By the time the first boarding call for the plane to Albuquerque is announced, the four women have all touched each other and recognized details of their common-denominator lives. Wives, mothers, daughters, lovers, friends—they begin to discover each other with small hints of hesitation and with their red shoes tapping quietly in anticipation about what is now starting to happen, and then Laura rises before anyone else to make a short presentation.

“Ladies, just a second, please,” Laura says, with her feet spread and her hands on her hips and the flaps of her denim vest whipping back and forth as she shakes her head. “You know how at funerals when you get in your car and drive from the church to the cemetery they put little flags on all the cars so no one can break in and traffic stops and everything?”

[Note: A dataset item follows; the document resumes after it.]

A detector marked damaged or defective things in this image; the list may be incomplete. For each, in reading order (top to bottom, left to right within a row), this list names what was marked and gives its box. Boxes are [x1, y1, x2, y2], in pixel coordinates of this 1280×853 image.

They know. They have all been to dozens of funerals. The mere mention of the processions makes fifteen stories rise between them but they bat them down, pressing hard, so they can focus on what Laura is about to say.

“Well, this traveling funeral of Annie’s already has the red-shoe thing going on and by the way, Katherine, first stop, you get a pair.”

“Yes, ma’am,” Katherine responds with a salute.

“So our traveling funeral needs a flag. I have red bandanas, kind of the do-rag of the funeral set, if you care to think of it that way. We can wear them any way we like or keep them in our pockets but it will be our little funeral flag.”

The women whistle and clap as Laura hands each one of them a red bandana and then they tie them to necks, heads, arms.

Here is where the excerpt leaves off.